The Curse of La Llorona (2019)

*. So back in the 1870s there was this Mexican Medea who drowned her kids when she caught her husband fooling around. Now, in 1970s Los Angeles, her evil spirit has become a Latina Woman in Black, going after other people’s children.
*. Throw in the fact that this movie is part of the Conjuring Universe (one of two Conjuring movies that came out in 2019!) and I’m not sure there’s much more to say. La Llorona herself looks a lot like The Nun. Father Perez from Annabelle shows up, and indeed the doll is even shown in a flashback. The film itself is the usual grab-bag of jump scares and things going bump in the night. Flashlights running out of batteries at just the wrong moment. Doors slamming shut and people being dragged across floors. I’m not going to go over all this again. See my notes on any of the other movies in the franchise.
*. Most of these Conjuring movies are, if predictable, at least effectively creepy. Not this one. Or perhaps I’d been down this road too many times over the last few years. After the first half hour I found myself singing “My Llarona” to the tune of the Knack’s “My Sharona” just to amuse myself. And I’m sure I wasn’t the only one driven to such measures.

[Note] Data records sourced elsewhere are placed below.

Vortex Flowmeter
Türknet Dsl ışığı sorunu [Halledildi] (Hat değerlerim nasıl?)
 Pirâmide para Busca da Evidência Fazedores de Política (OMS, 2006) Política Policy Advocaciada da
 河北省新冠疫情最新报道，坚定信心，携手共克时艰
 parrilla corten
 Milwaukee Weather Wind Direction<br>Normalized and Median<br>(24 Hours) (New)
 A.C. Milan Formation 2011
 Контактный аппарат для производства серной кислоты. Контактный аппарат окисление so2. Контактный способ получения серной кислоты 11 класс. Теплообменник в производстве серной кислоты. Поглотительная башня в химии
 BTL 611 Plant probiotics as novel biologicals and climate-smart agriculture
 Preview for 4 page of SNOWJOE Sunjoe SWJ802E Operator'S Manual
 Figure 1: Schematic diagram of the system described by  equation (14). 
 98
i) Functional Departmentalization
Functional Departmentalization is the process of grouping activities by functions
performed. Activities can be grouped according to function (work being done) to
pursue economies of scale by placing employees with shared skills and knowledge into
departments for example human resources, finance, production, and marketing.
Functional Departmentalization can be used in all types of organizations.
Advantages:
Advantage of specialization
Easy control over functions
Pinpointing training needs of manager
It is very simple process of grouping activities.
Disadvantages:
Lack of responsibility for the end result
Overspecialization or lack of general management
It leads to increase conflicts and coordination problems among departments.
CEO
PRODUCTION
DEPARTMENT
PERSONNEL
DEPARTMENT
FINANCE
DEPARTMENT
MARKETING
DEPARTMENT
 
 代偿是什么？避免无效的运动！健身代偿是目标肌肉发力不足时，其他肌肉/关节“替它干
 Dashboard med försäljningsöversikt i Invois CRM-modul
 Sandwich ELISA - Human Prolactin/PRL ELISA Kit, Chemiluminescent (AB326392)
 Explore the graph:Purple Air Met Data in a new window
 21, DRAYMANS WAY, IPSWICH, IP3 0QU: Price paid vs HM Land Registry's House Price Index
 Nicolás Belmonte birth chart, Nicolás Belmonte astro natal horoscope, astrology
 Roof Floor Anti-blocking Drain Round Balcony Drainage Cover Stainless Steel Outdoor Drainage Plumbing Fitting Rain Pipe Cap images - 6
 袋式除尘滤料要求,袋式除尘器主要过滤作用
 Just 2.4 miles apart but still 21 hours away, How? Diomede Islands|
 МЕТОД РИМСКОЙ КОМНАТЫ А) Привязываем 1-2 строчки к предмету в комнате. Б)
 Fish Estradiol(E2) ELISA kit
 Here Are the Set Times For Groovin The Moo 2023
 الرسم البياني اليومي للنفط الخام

*. Basically single mom (Linda Cardelinni) has to protect her two young children from the weeping woman in white. Well, she works for family services so at least she’s a professional. She can also brandish a baseball bat when things get hairy, and yell at the demon to get out of her house. When that doesn’t work she calls in Raymond Cruz as an exorcist. He’s not sanctioned by the Church but he’s still capable of turning an entire swimming pool into holy water. Father Perez describes him as “unorthodox,” and you know what that means. It means he gets results!
*. No point spending any more time on this one, especially since they really seemed like they were having to drag it out to make the 90 minute running time. There is literally nothing new or interesting to see here.